AIM OF THE EXERCISE: Copy the data exactly; pictures stay out of the copy.

EXERCISE DATA:
-=-=-=-=-
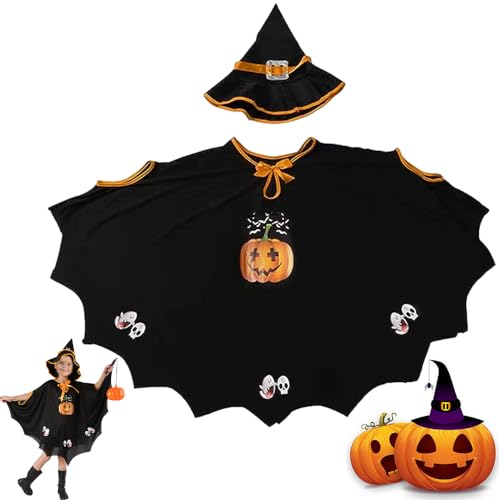 Aoreun Halloween Kostüm Kinder, Fledermaus Umhang Kostüm Fledermaus Umhang mit Hut Witch Halloween Kostüm mit Kürbis Candy Bag für Halloween, Fasching, Karneval, Bühnenperformance für Höhe 90-150cm von Aoreun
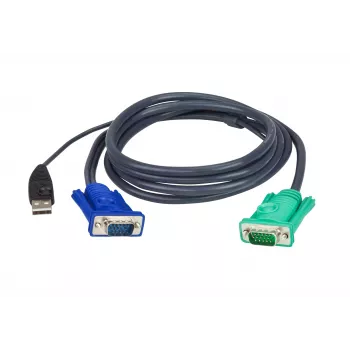 ATEN USB KVM kabelis 3m, VGA, melns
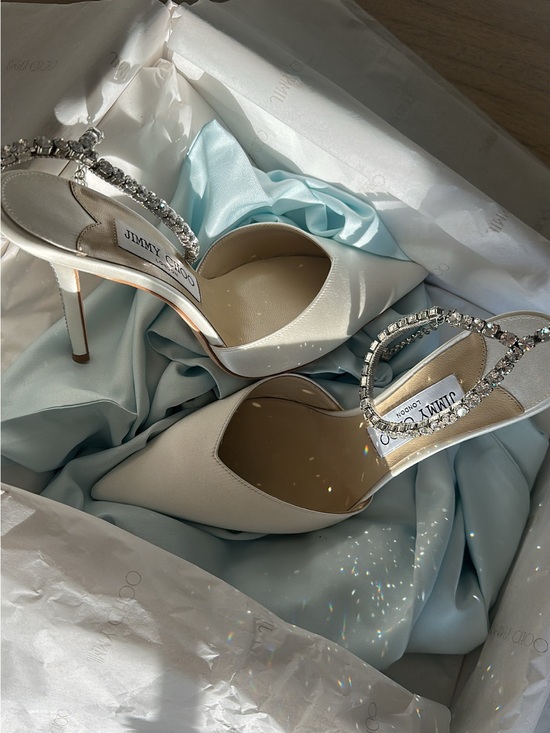 Jimmy Choo Shoes - Jimmy Choo Wedding Heels Saeda 100 Ivory Crystal-Ankle Pointed Toe Stiletto Heel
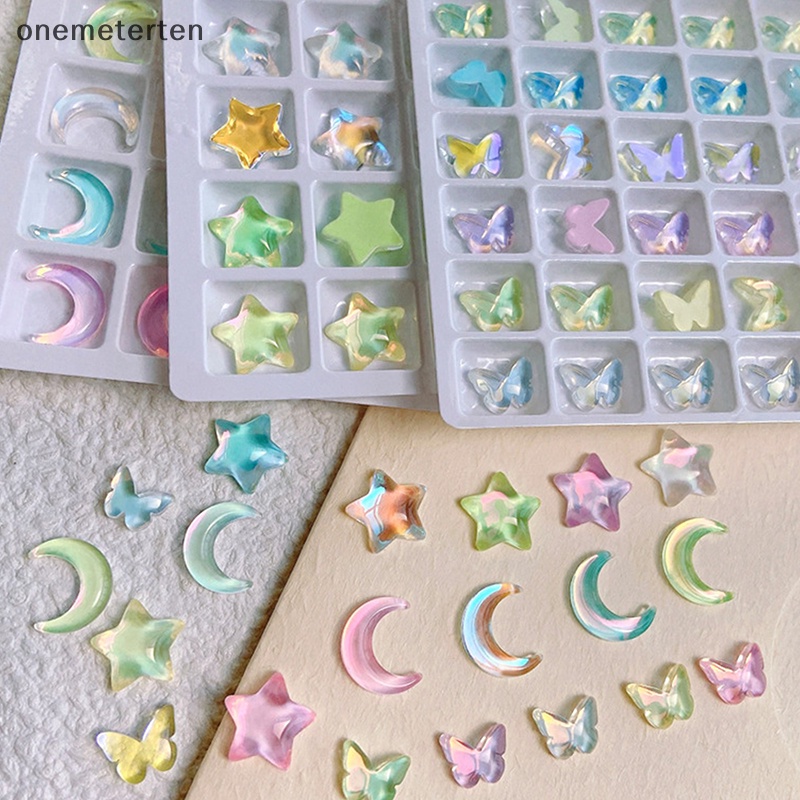 Hạt Nhựa Hình Ngôi Sao / Mặt Trăng 3d Nhiều Kích Cỡ Trang Trí Móng Tay Nghệ Thuật Diy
-=-=-=-=-
RESULT:
 Aoreun Halloween Kostüm Kinder, Fledermaus Umhang Kostüm Fledermaus Umhang mit Hut Witch Halloween Kostüm mit Kürbis Candy Bag für Halloween, Fasching, Karneval, Bühnenperformance für Höhe 90-150cm von Aoreun
 ATEN USB KVM kabelis 3m, VGA, melns
 Jimmy Choo Shoes - Jimmy Choo Wedding Heels Saeda 100 Ivory Crystal-Ankle Pointed Toe Stiletto Heel
 Hạt Nhựa Hình Ngôi Sao / Mặt Trăng 3d Nhiều Kích Cỡ Trang Trí Móng Tay Nghệ Thuật Diy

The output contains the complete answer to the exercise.